The Scots Guards


The Scots Guards (SG), is one of the Foot Guards regiments of the British Army. Their origins lie in the personal bodyguard of King Charles I of England and Scotland. Its lineage can be traced back to 1642, although it was only placed on the English Establishment in 1686. It is the oldest formed Regiment in the Regular Army, more so than any other in the Household Brigade.
In 1854, the 1st Battalion of the Scots Fusilier Guards were dispatched as part of the Guards Brigade to the East, being deployed to Malta, Bulgaria and Turkey, before, in September, the British finally landed in the Crimea, at a place called Calamity Bay.
During the battle of Alma, the Scots Fusilier Guards, in the center of the Guards Brigade, part of the 1st Division, were supporting the Light Division, The Russians seized their opportunity to strike, launching a large-scale bayonet charge on the regiment, resulting in brutal carnage, eventually forcing the regiment to reluctantly withdraw, suffering over 150 casualties. During this chaos, the Colour party of the regiment, whose Colours had been shot through, held its ground against the overwhelming Russian force, and safeguarded the Colours from the Russians, as well as helping to rally the regiment. The British, including men of the battered Scots Fusilier Guards, subsequently advancing, causing the Russians to flee which allowed the British to re-take the Great Redoubt.
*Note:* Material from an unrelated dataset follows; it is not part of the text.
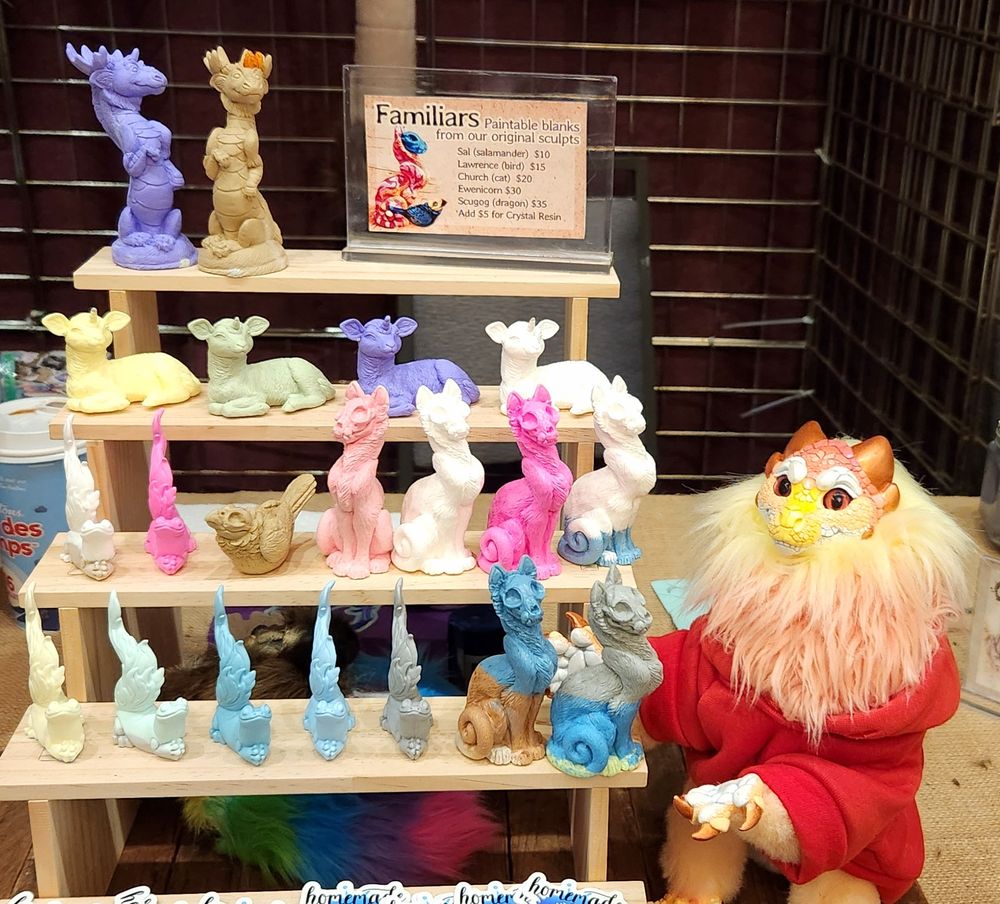 Peaches pointing at a tiered shelf of small resin sculptures. There are skull cats, salamanders, scugog dragons, a bird and ewenicorns.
For their actions at Alma, the Scots Fusilier Guards won a battle honour and four men of the regiment would later win the Victoria Cross, an award created in 1856 to become the highest award for valour in the face of the enemy. These men were Captain Robert James Lindsay, Sergeants John Knox and James McKechnie, as well as Private William Reynolds.
In 1855, the regiment took part in another bloody engagement, at the Battle of Inkerman, the regiment won its thirteenth battle honour for its part at Inkerman. The Scots Fusilier Guards also took part in the arduous Siege of Sevastopol, which lasted from September 1854 to September the following year.
In 1862, the 2nd Battalion landed in the then-colony of New Brunswick to reinforce the garrison there during increased tensions with the United States during the American Civil War. The battalion departed in 1864. In 1877 Queen Victoria, changed the regiment's name to the now more familiar Scots Guards.
In 1881, the 1st Battalion deployed to Dublin, Ireland and the following year the battalion, as part of the Guard Brigade, took part in an expedition to Egypt. The Scots Guards gained the battle honours "Tel-el-Kebir" and "Egypt 1882" for taking part in the Egyptian Expedition.
In 1885, the 2nd Battalion took part in the Suakin Expedition to the Sudan, including the Battle of Hasheen, and gained the battle honour Suakin 1885 for their part in the campaign. The battalion returned home to the UK in late 1885 and took part in Queen Victoria's Golden Jubilee Military Review in 1887. In 1895, the 2nd Battalion of the regiment deployed to Dublin and returned to its barracks in London in 1897, with the 1st Battalion deploying to Dublin that same year.
In 1899, war broke out between the British Empire and the Dutch Boer Republics, the Transvaal and the Orange Free State. The 1st Battalion soon departed Ireland for South Africa to join up with the 1st Guards Brigade, and reached that country in November. The battalion quickly saw its first engagements in November, at Belmont, which ended in a British victory, and at the Battle of Modder River, another British victory, though it had come at a heavy cost in British life; the Scots Guards gained a battle honour for their part in the battle. In December, the battalion took part in its first major engagement of the war at the Battle of Magersfontein. Also in 1899, the 3rd Battalion of the regiment was raised in London, though would not see overseas service in South Africa.
In 1900, the 2nd Battalion departed the UK for South Africa, landing there in April, whereupon it joined the 16th Infantry Brigade. The Scots Guards then saw action at the Battle of Paardeberg. The following month, the regiment took part in the Battle of Driefontein and in May, the 2nd Battalion took part in a small engagement at Biddulphsberg and on 31 May, the regiment was present at the capture of Johannesburg.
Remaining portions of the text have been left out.